UN daño colateral veraniego de la crisis consiste en que este año el Gobierno no toma vacaciones. Cuando la clase política se va de veraneo no sólo descansan sus alumbrados miembros, sino que nos permiten a los ciudadanos descansar siquiera por un mes de ellos. Pero cuando los asesores de imagen dictan que son tiempos de escenificar sacrificios la dirigencia pública se queda vivaqueando a medio gas en los despachos para aparentar una cierta solidaridad con el pueblo; eso significa que mientras la gente trata de desconectar en la playa de sus preocupaciones cotidianas sigue habiendo en las oficinas del poder un montón de tipos conspirando contra su tranquilidad, y que las sorpresas desagradables pueden llegar antes del otoño. «Otoño caliente», que se decía en la transición, un tópico del que desde entonces a los sindicatos les resulta difícil desprenderse.
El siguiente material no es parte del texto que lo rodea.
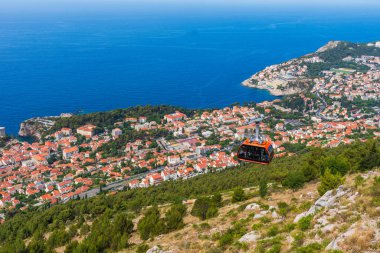 Hırvatistan 'da Dubrovnik' in Moutain Srd tepesinden görünüşü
Este año, tal como se presenta el curso, la otoñada nos puede dejar más bien helados.
La culpa de que el Gobierno no descanse —una idea inquietante tratándose de gente tan propicia a la ocurrencia— la tiene la opinión pública, que tiende a exigir gestos de sobreactuación a los dirigentes. Si se van de vacaciones se les reprocha desafección e indiferencia hacia el sufrimiento de los ciudadanos, sin tener en cuenta que es mucho peor que se queden de guardia. Amén de que con 56.836 teléfonos móviles —la mayoría conectados a internet— al servicio de la Administración del Estado, da igual dónde se encuentren los altos cargos: te pueden montar un lío desde cualquier parte del planeta. Quizá por eso el jefe de la oposición se ha desentendido de la escenificación de la vigilia y se ha largado de Madrid con tanta prisa que olvidó abrocharse el cinturón del coche; pensará que de todas maneras no le van a dar tregua. En teoría si Zapatero se queda tendría que ser Rajoy el que permaneciese cerca echándole el aliento en la nuca, pero el gallego es hombre de tensión baja y metabolismo lento que nunca ha destacado por su atención a las apariencias y simulaciones. En eso se diferencia del presidente, capaz de cualquier cosa por un gesto rentable. Sorprende al respecto que todavía no hayan salido los portavoces de turno a reprocharle al líder del PP su escaso apego al estajanovismo. Ocurrirá; agosto es largo.
Yo no sé ustedes, pero a un servidor le resulta mucho más inquietante andar por esas playas de Dios sabiendo que en Madrid sigue encendida la lucecita de Moncloa. Pensar en un país sesteando a la bartola mientras Zapatero está despierto, maquinando estrategias —bueno, estrategias es un decir, dejémoslo en tácticas— en la soledad del estío, resulta un panorama de lo más desasosegante. Quizá la oposición debiese de reconsiderar su letargo canicular; a este Gobierno sólo le hace falta que los adversarios le otorguen la ventaja de la modorra.